Even after a failed flash, a potentially dead motherboard can possibly still be recovered. Most BIOS manufacturers (Award, Phoenix, AMI and Insyde) now include an option known as Boot Block protection. The Boot Block sector is write protected, thus it can only be damaged if the flash utility is explicitly directed by a command line switch to overwrite this EEPROM memory range. The Boot Block can load the most basic BIOS functions for the simple I/O operation of ISA video, floppy drive transfers, and keyboard input. Luckily these features are all that is generally required to rebuild the entire working BIOS.
Award Bios Recovery
This is a simple method to try to recover from a bad flash. I will be adding many more ways and AMI recovery, this is just a simple place to start.

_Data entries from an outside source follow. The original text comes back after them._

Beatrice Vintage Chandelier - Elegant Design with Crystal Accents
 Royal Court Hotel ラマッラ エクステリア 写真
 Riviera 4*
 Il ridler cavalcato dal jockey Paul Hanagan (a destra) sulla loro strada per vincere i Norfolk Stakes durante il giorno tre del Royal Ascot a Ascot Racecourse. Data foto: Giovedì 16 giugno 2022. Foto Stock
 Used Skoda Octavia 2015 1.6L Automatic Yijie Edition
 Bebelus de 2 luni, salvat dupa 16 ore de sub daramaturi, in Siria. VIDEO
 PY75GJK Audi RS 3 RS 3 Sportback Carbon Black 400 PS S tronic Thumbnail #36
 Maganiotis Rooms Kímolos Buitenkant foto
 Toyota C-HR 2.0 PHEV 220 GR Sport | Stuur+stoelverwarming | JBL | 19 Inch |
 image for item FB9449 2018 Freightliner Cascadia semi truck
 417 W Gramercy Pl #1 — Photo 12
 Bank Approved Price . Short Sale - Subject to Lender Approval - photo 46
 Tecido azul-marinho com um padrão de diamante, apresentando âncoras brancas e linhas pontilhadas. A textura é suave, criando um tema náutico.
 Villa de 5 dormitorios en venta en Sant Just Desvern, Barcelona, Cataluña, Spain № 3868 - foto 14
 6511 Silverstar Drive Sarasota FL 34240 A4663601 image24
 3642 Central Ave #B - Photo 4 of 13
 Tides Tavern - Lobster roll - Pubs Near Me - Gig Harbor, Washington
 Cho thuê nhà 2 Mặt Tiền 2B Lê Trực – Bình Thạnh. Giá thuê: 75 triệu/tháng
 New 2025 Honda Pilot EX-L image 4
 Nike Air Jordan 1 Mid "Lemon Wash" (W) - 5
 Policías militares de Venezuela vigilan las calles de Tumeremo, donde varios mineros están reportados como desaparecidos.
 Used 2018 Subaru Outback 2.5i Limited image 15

Attach a floppy drive to the computer. Then go to bootdisk.com and create a windows 98 boot disk. If you have a DOS disk lying around this will also work. Then delete the config.sys file. If you can't see this file the make sure you can see hidden files in windows. Then if there is no config.sys file on your boot disk, open the file autoexec with notepad. Then delete anything that is in there and copy and save these lines:
@ECHO OFF
@AWDFLASH BIOSFILE.BIN /cc /py /sn /r
Take note that when you save it make sure the extension is a .bat, not a .txt. Replace the name BIOSFILE.BIN with the name of the modded bios save. Then copy the modded bios to the floppy disk with awdflash.exe and make sure the award flasher is named awdflash.exe. After, if your computer is booting drives, it should automatically pick up the floppy and reflash the bios a second time. You will see floppy activity if all is well.